> _Assigned task_
Go through the entries below. Copy each line in which "wearing" appears.

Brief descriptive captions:
"""

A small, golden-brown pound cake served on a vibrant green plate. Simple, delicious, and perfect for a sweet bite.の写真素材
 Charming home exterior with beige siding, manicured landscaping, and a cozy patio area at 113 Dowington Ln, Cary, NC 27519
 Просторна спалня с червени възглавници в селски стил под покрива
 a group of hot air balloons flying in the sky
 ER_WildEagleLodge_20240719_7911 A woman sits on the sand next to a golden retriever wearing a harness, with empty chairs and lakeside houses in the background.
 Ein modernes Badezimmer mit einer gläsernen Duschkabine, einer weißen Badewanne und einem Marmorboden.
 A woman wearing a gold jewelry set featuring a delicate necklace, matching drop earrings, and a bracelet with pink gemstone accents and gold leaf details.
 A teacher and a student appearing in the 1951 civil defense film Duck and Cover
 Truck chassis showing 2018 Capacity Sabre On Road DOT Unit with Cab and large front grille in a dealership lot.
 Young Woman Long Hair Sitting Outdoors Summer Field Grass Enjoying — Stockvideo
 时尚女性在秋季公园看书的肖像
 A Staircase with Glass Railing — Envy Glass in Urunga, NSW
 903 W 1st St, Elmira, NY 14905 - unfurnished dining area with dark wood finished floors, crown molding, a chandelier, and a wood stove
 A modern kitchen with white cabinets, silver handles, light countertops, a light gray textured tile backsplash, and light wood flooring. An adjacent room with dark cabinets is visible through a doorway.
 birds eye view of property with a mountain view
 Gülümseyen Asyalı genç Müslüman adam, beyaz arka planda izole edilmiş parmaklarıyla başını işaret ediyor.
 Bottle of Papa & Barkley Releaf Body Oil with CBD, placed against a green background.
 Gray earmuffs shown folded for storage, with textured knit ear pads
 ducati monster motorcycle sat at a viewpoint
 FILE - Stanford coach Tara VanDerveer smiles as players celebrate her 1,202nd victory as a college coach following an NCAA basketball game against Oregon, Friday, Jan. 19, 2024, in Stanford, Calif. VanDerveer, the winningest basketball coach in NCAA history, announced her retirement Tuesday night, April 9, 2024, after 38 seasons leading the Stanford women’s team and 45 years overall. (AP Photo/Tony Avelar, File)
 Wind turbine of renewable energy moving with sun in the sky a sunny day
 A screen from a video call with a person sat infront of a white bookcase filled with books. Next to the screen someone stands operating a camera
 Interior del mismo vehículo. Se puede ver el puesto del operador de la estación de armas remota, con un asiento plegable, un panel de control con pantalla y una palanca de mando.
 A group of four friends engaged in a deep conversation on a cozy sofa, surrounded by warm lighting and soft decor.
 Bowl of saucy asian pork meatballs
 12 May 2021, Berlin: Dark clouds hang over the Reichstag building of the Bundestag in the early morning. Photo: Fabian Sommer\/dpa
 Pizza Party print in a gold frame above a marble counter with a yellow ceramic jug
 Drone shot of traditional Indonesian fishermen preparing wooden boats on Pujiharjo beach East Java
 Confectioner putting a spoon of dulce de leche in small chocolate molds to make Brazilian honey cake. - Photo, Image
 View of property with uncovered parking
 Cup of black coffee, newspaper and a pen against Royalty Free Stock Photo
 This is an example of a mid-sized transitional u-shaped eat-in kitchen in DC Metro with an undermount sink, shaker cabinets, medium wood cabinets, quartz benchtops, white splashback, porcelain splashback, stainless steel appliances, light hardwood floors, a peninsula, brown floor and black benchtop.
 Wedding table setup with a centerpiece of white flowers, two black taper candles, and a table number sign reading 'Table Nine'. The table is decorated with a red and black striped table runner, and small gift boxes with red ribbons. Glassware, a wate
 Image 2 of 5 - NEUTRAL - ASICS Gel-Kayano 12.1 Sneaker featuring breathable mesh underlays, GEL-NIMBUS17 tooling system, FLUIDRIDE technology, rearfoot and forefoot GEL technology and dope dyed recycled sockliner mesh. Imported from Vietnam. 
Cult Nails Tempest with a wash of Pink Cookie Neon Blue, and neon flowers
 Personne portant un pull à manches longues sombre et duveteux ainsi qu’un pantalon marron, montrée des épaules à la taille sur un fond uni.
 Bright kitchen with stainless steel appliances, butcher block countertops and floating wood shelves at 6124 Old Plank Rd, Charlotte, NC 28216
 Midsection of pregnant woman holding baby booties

"""

> _Problem solution_
 ER_WildEagleLodge_20240719_7911 A woman sits on the sand next to a golden retriever wearing a harness, with empty chairs and lakeside houses in the background.
 A woman wearing a gold jewelry set featuring a delicate necklace, matching drop earrings, and a bracelet with pink gemstone accents and gold leaf details.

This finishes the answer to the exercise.